In light of this scholarship, the Michigan Legislature should cease to subsidize, directly or indirectly, the efforts of professional sports teams and their owners. The Legislature should act in light of this new study and kill or modify a proposal that has already passed through a state Senate committee and could help private developers finance construction projects — such as a new Major League Soccer stadium in Detroit.
Most recently, a Michigan Senate committee approved legislation (SB 1061 and 1062) backed by businessman Dan Gilbert and designed to help public dollars finance private projects. Gilbert is the founder of Quicken Loans, among other companies, and has been acquiring properties in Detroit.
He is interested in bringing a Major League Soccer team and new soccer stadium to Detroit. Those are part of a larger project, which he would pursue along with Detroit Pistons owner Tom Gore. The centerpiece of the $1 billion project would be a new soccer stadium, but it would be accompanied by offices, restaurants and hotel accommodations.
The Senate legislation doesn’t mention sports stadiums or Dan Gilbert by name, but the proposed stadium project would appear to qualify for public support.
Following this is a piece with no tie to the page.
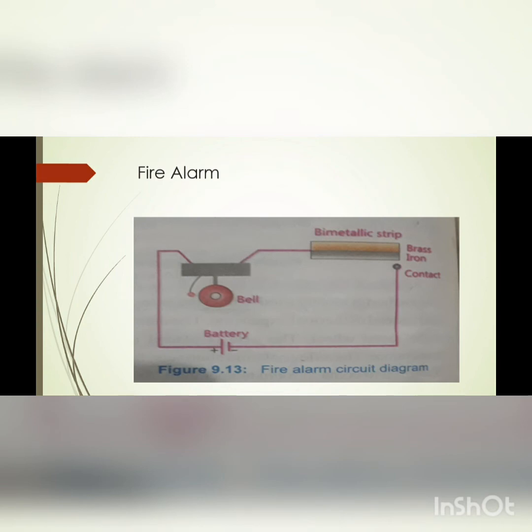The circuit will complete again. The iron will switch on.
Indeed, the bill contains some tailor-made attributes: It must be for a mixed-use project in a city with “a population of at least 600,000.” The project must also be worth at least $500 million. Whether the proposed legislation actually contributes to another Detroit stadium or some other project, it amounts to crony capitalism on steroids.
The facts are that most empirical and anecdotal evidence, along with economic theory, suggests that these laws and related programs do little if anything to facilitate new economic development over time. It’s time for lawmakers to stop granting favors to sports stadium owners.